Hand grip strength could be an indicator of cardiovascular health and heart structure, according to a new study.
Typically, hand grip strength is used to measure muscular strength, but researchers from the Queen Mary University of London wanted to explore the little-studied correlation between handgrip and heart health.
Previous research has found that hand grip strength is associated with cardiovascular incidents, but until now that link has not been thoroughly investigated.
The findings, published in the journal PLOS ONE, show that better hand grip strength illustrates certain healthy cardiac functions and could mean a reduced risk of cardiovascular incidents.
For the study, the researchers collected and analyzed cardiovascular magnetic resonance images and measured the hand grip strength of 5,065 participants.
A statistical model was then created so the researchers could account for potential factors that would influence the study such as demographics, how physically active the participants were, and other known cardiac risk factors.
After analyzing the measurements and images, the researchers found that the participants with a stronger hand grip had lower heart mass and pumped more blood per heartbeat than those with decreased hand grip strength.

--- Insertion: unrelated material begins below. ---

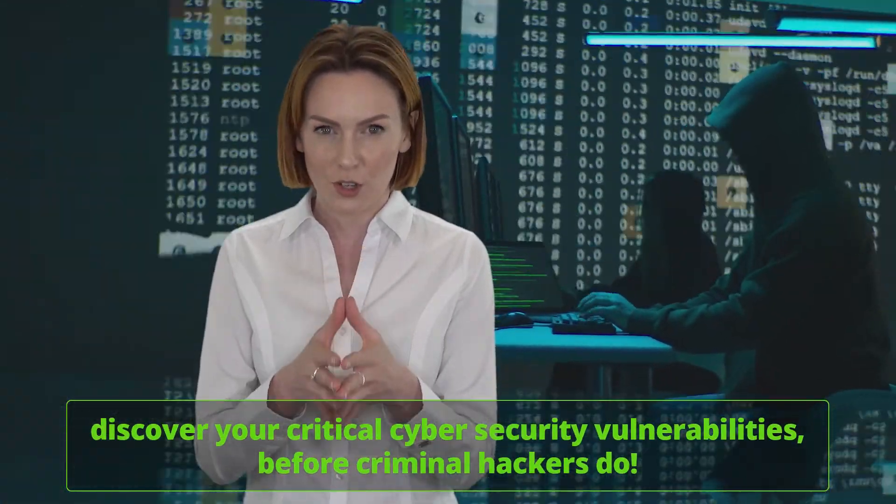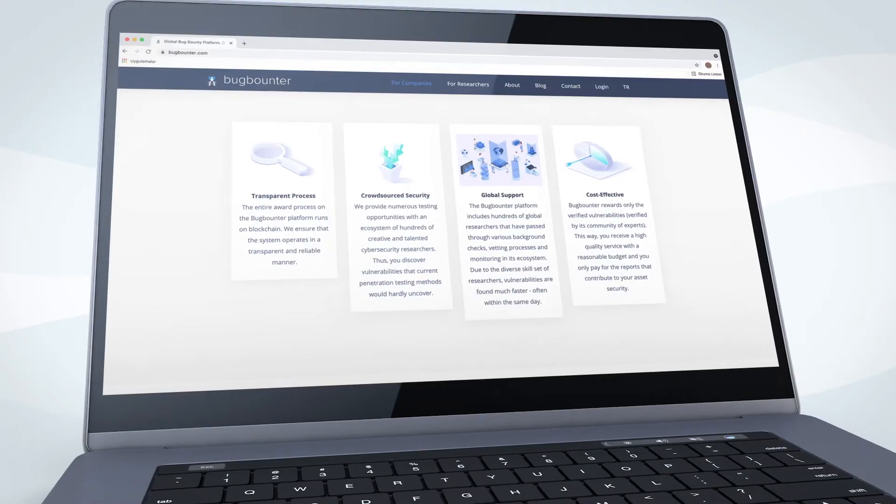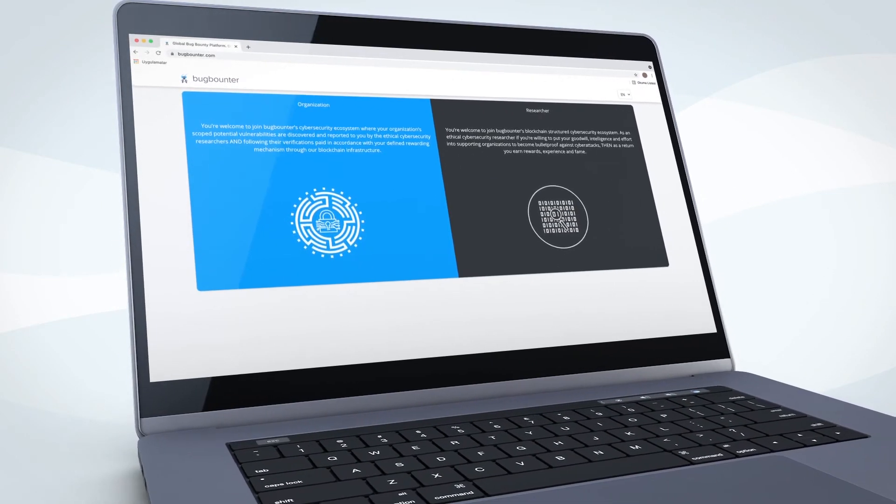Bugbounter.com is a platform service that discovers your critical cybersecurity vulnerabilities before criminal hackers do. If you want the most flexible, cost-effective and the quickest cybersecurity testing service, then you need to try bugbounter.com.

The more blood per heartbeat means that for those participants, the heart is not suffering from remodeling which can occur with high blood pressure or after a heart attack.
The results show that a stronger hand grip could be indicative of a healthy heart and reduced risk of cardiovascular issues.
“Our study of over 4,600 people shows that better handgrip strength is associated with having a healthier heart structure and function,” said Steffen Petersen, a leader of the research.
The researchers also note that future research should investigate this connection in depth as measuring hand-grip strength would be an easy way for medical professionals to measure heart health.
“Handgrip strength is an inexpensive, reproducible and easy to implement the measure, and could become an important method for identifying those at a high risk of heart disease and preventing major life-changing events, such as heart attacks,” said Peterson.